If the Lamb of God is not a triumphant ruler and not a silent victim, then what? I’ve never been comfortable with this terminology for Jesus, and now I see why. Neither of these most obvious understandings of the term faithfully reflect who Jesus was—and is.
These two understandings present different images of how the Lamb accomplishes the goal—through violence or passivity–but the goal itself remains the same: “This is the Lamb of God who takes away the sins of the world.”
American evangelical Christianity has translated this to mean that Jesus forgives each individual of his or her individual sins. So you don’t have to feel bad about lying to your mom when you were ten or cheating on your taxes last year—the Lamb of God takes away the sins of the world.
But I can tell you that John and his disciples were not concerned with their own individual, personal, moral indiscretions. Or, maybe they were concerned with them, but they certainly didn’t expect the Messiah, the Lamb of God, to care much about them. The sins of the world were much bigger.
Political entities that maintained their power through threats and violence. Religious leaders who used their positions for their own pleasure and privilege. Rich people who maintained their lifestyles on the backs of the poor.
Here is the Lamb of God who takes away the sins of the world.
What is important about the Lamb is what he does. The Lamb of God takes away the sins of the world.
We know that what. If we are concerned about the how—which I think we should be—we have to look beyond the militaristic images of the first century disciples, and we have to set aside the glorified victim images of subsequent generations.
If we are concerned about the how, we have to study Jesus’ life. To note how he was powerful, but not violent. Peaceful, but not passive. How he challenged, but did not attack. How he was kind, but not permissive. The what and the how are both important. And both are revealed by Jesus, the Lamb of God, the Messiah.

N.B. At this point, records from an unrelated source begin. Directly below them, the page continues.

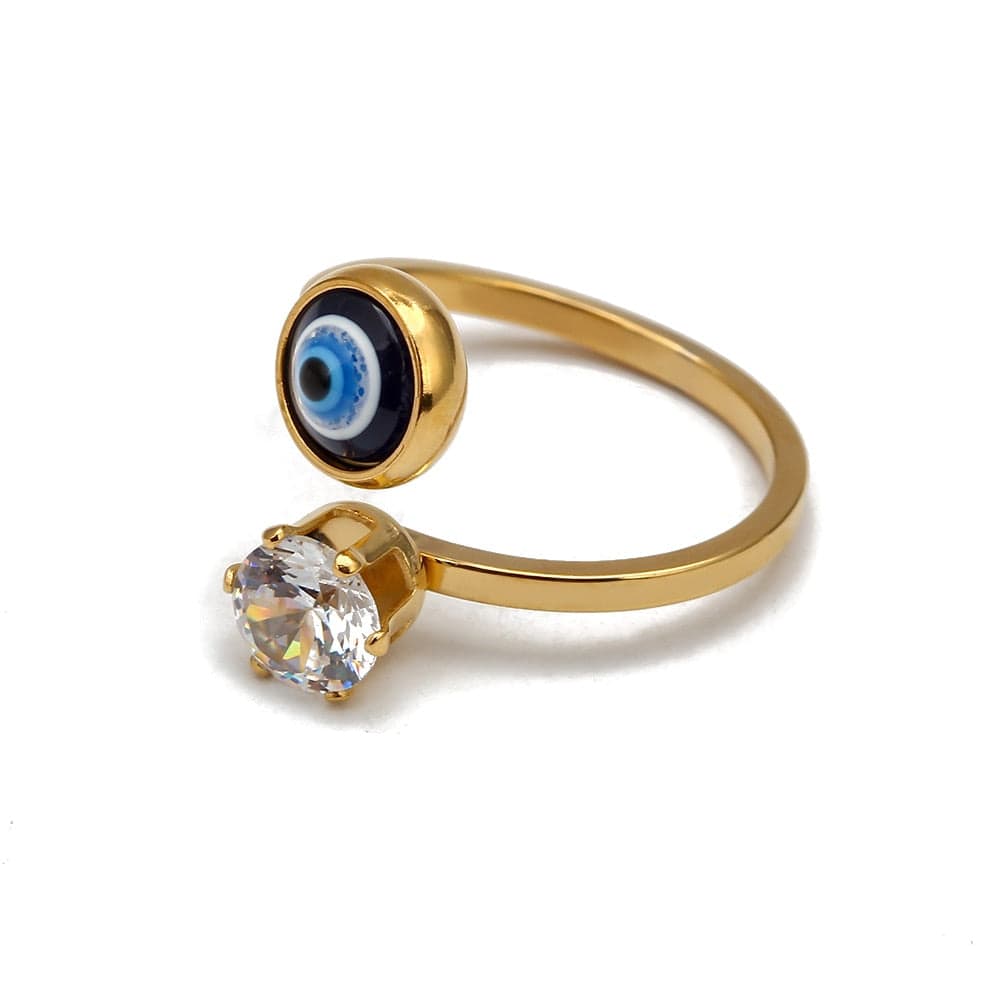 Greek Evil Eye Evil Eye Stone Adjustable Golden Ring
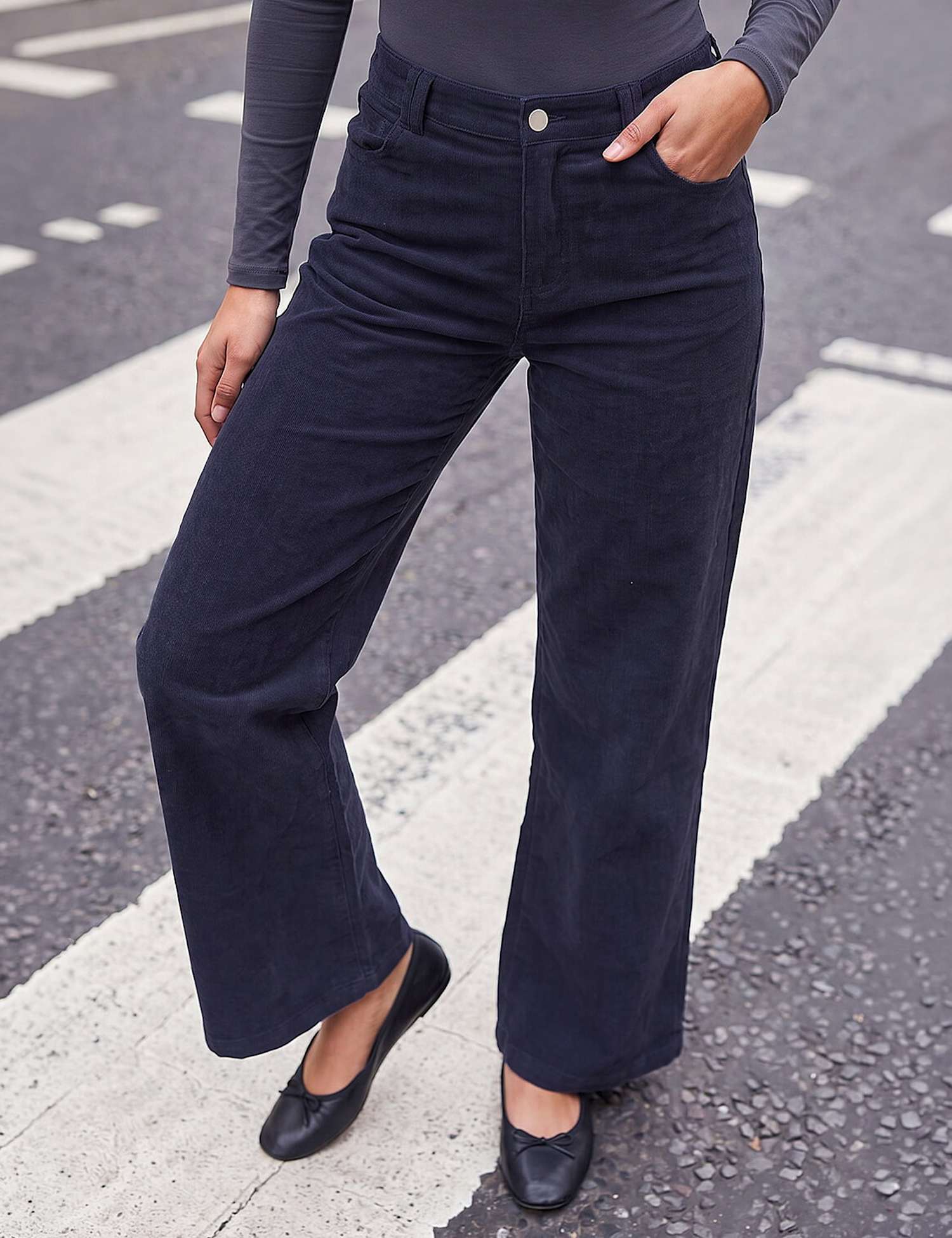 Roman Petite Cotton Rich Cord Wide Leg Trousers Grey Mix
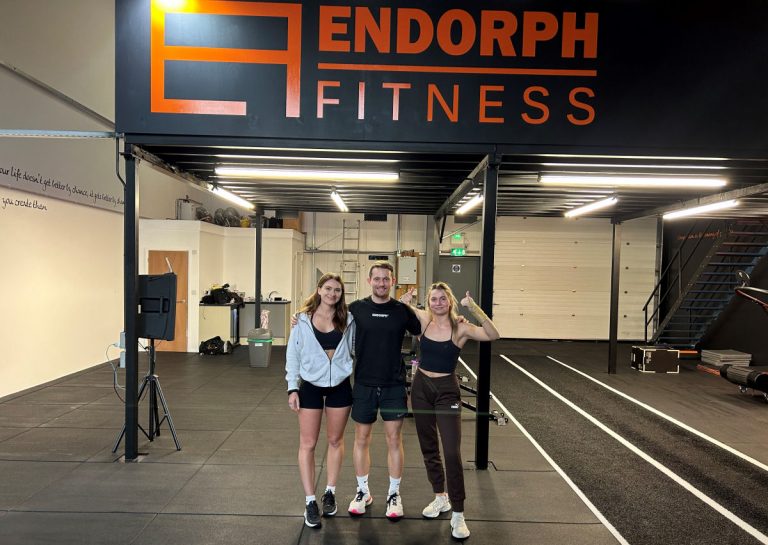 Connor Bishop with Holly Climo and Lucy Bishop at the new Endorph Fitness premises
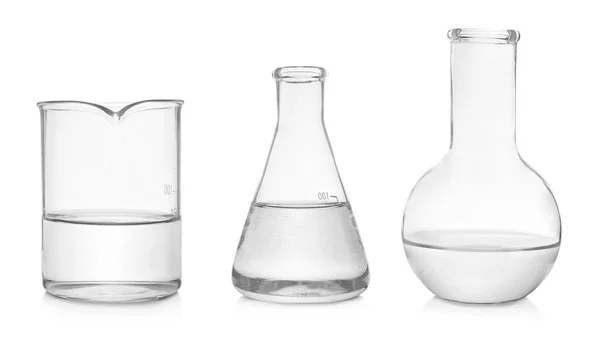 Different Laboratory Glassware White Background Banner Design — Stock Photo, Image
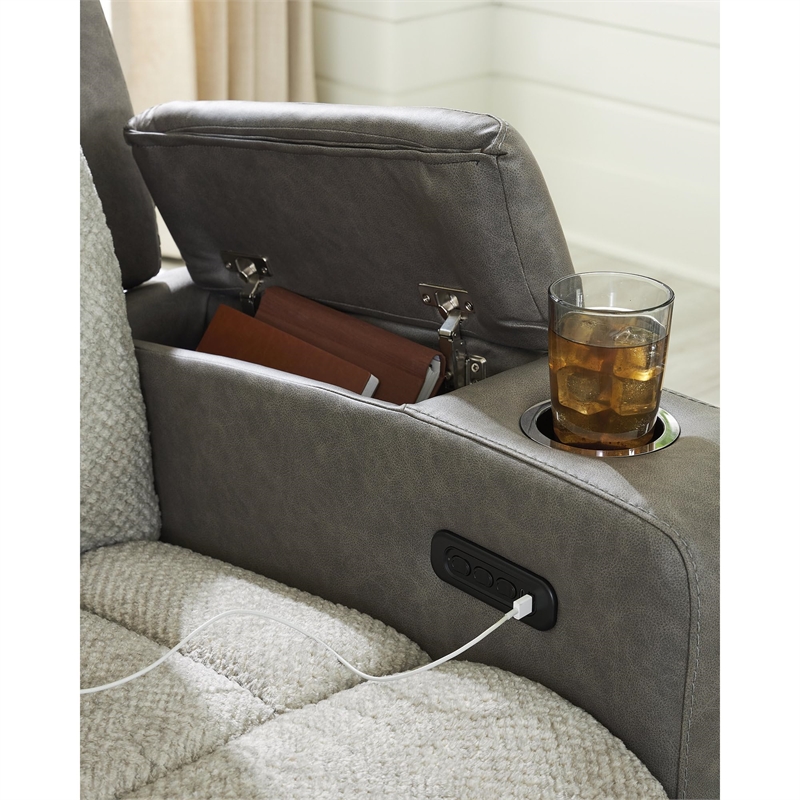 Bowery Hill Contemporary Faux Leather Gray Finish Power Recliner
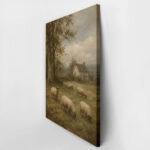 Πίνακας σε Καμβά VINTAGE DARK ACADEMIA SHEEP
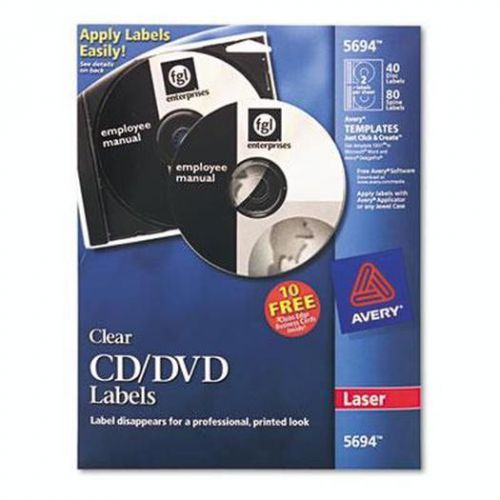 Laser CD/DVD Labels, Glossy Clear, 40/Pack 5694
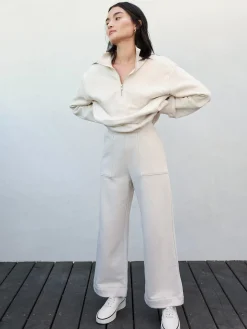 Organic Fleece Wide Leg Pant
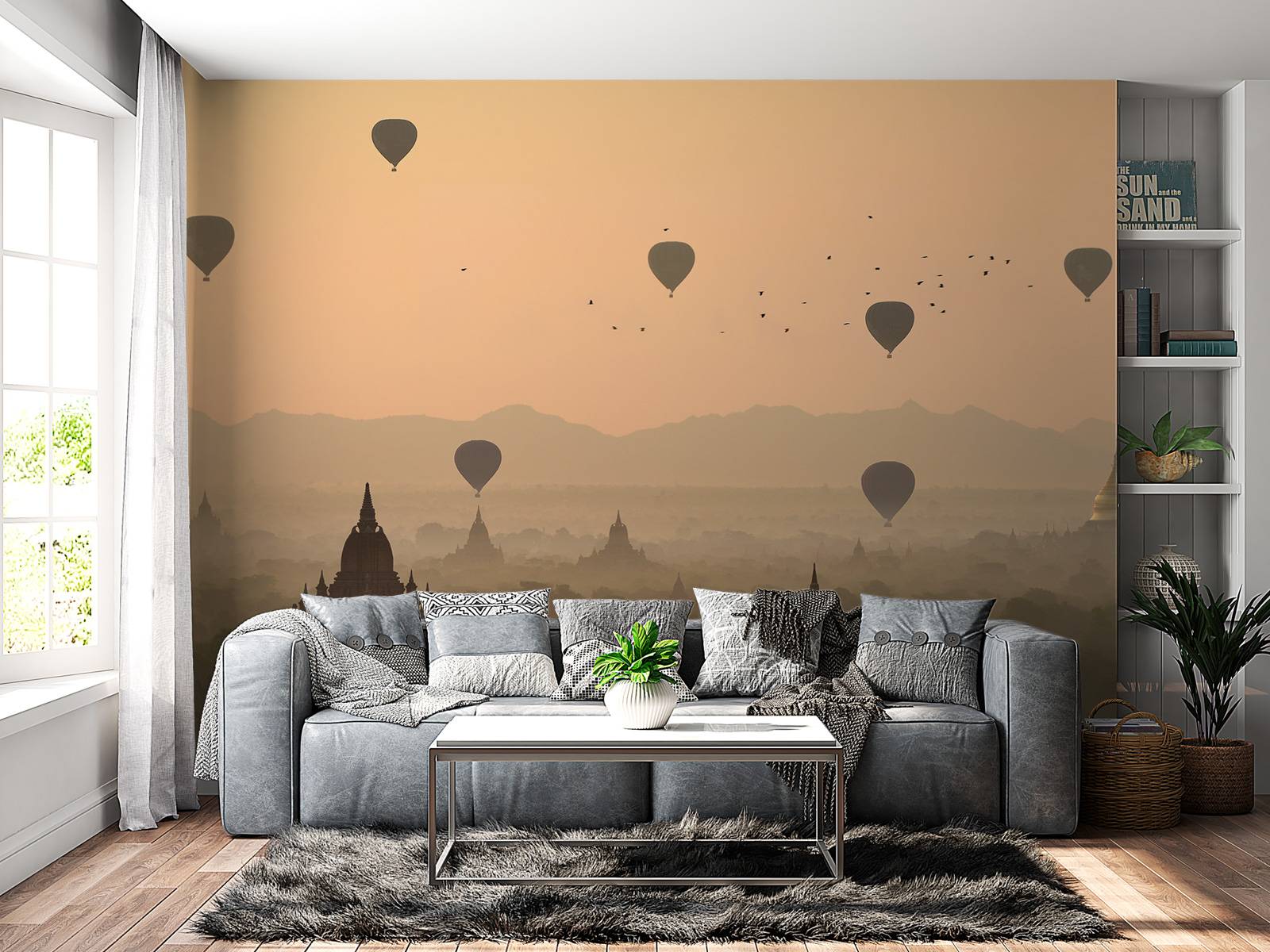Bagan, balloons flying over ancient temples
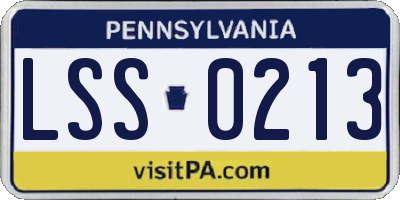 PA license plate LSS0213
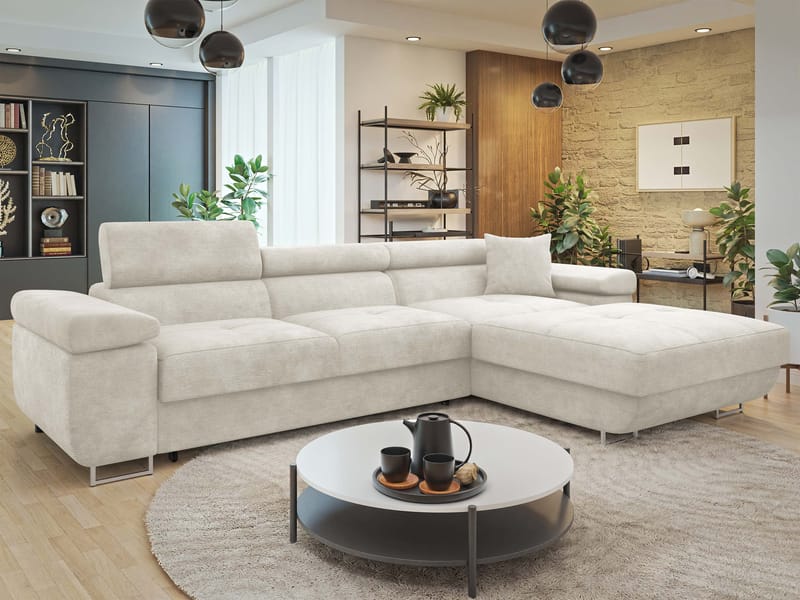 Gabina 3-seters sovesofa med divan - beige - Møbler - Sofaer - Sovesofaer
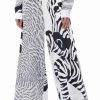 Pants * | Into The Night Wide Leg Pull On Pant Black White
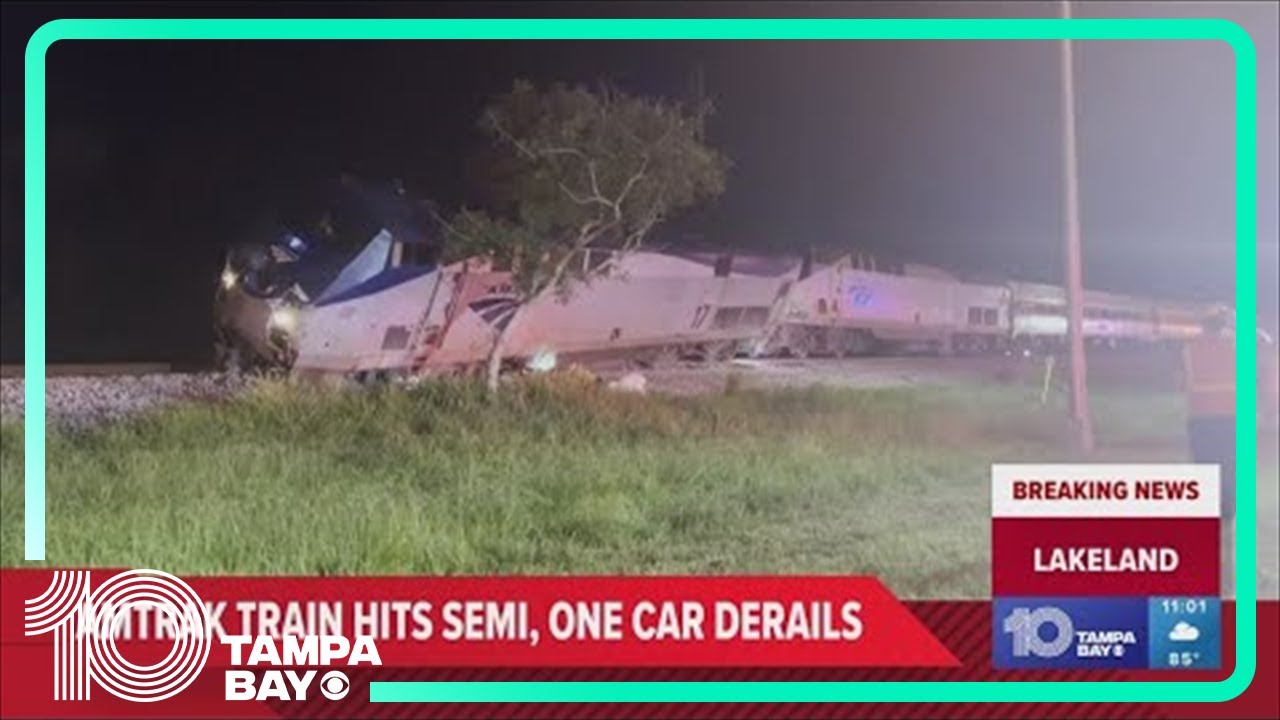 Semi-truck demolished in train collision in Lakeland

I’m going to tell you something that is obvious and that bears repeating: you are not the Messiah. I am not the Messiah. None of us are called to take away the sins of the world.
Yet somehow, while removing violence and hatred and suffering from our world is not our work, we are, nonetheless, privileged to participate with God in that work.
We are privileged to follow the example set by Jesus, to live within the power of the Holy Spirit, to walk with each other in the community of faith, as we all, together, work to take away the sins—the injustices and oppressions—of this world.